Yeah I mean it was every night, right?

Kevin Saunderson


I can’t remember that part but... I can’t remember, was it every night? Was it every night, Mike? [asks Mike Banks in the audience] John? OK. Yeah, it was every night. So, wow. Just some great music and some great times.

Christine Kakaire


I’d actually love to play just a little rip that I found of Electrifying Mojo’s very cinematic, very over the top radio intro. I think just to give people a sense of the world he was building and also the community that he was building with the Midnight Funk Association. So I’m just going to play around a minute or so of this intro.

Electrifying Mojo – Midnight Funk Association intro

(music: The Electrifying Mojo – “Midnight Funk Association intro”)

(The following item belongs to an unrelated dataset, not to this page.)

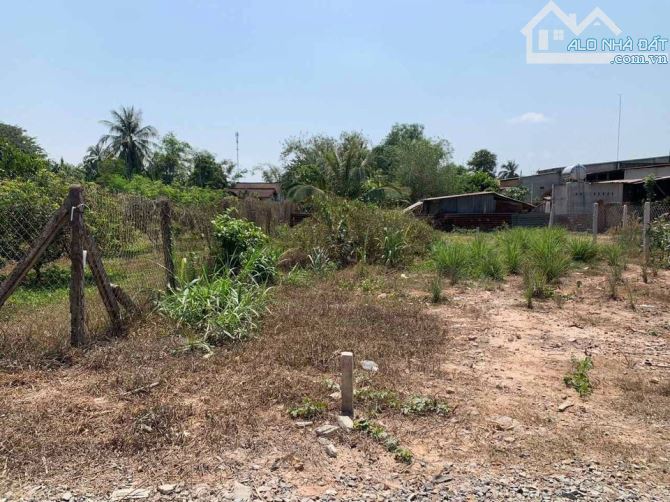 4060706 ảnh đại diện 1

That’s just a fraction of that particular intro. Could we look at photo number eight on the screen actually? So this Midnight Funk Association was an actual card-carrying membership. Were you a member?

Kevin Saunderson


I was a member just because I was listening and I was just into it, that’s all that mattered to me. I don’t even know if I knew about the cards.

Christine Kakaire


I found this one deep in the internet. But I think something that I love about this Midnight Funk Association community is that idea of people signaling to each other, like switching on the porch lights or even honking their horns at midnight...

Kevin Saunderson


Honking horns, flashing lights, definitely.

Christine Kakaire


... And creating this sense of community and people being connected through the music. Mojo, was he somebody that you talk about at school? You talk about the tracks that you heard, etc?

Kevin Saunderson


Yeah, definitely. We’d definitely talk about the tracks, especially if you heard a new album of a new Parliament-Funkadelic that you hadn’t heard. Just amazing. And you heard music that was completely different, like I said, B-52s and all that kind of stuff. It was just so way out from what standard radio was playing and you didn’t want to hear any other radio besides something like Mojo.

Christine Kakaire


Did you ever meet him in person?

Kevin Saunderson


Definitely, of course I met Mojo. As time went on, Mojo did his segments just featuring Inner City and I was like, “Wow, this is like... This can’t be real.” So definitely, yup.

Christine Kakaire


Before we get to Inner City, I want to try doing something and creating something of an audio family tree. Because around ’86, ’87 I believe, is when you started observing and watching and eventually joining in. Making music with Juan and Derrick but also other characters like James Pennington, Santonio Echols, etc etc. And I think it's really interesting to hear various kinds of hallmarks and sound signatures already starting to emerge at that point. So what we’re going to do is just listen to quite short, 30 to 45 second grabs of particular tracks. The first three are Juan and Derrick, I’ll let you know what those are. And then the second lot of three are tracks that you, Kevin, were involved in, and I feel like you can already hear the eventual traces of Inner City starting to kind of assemble.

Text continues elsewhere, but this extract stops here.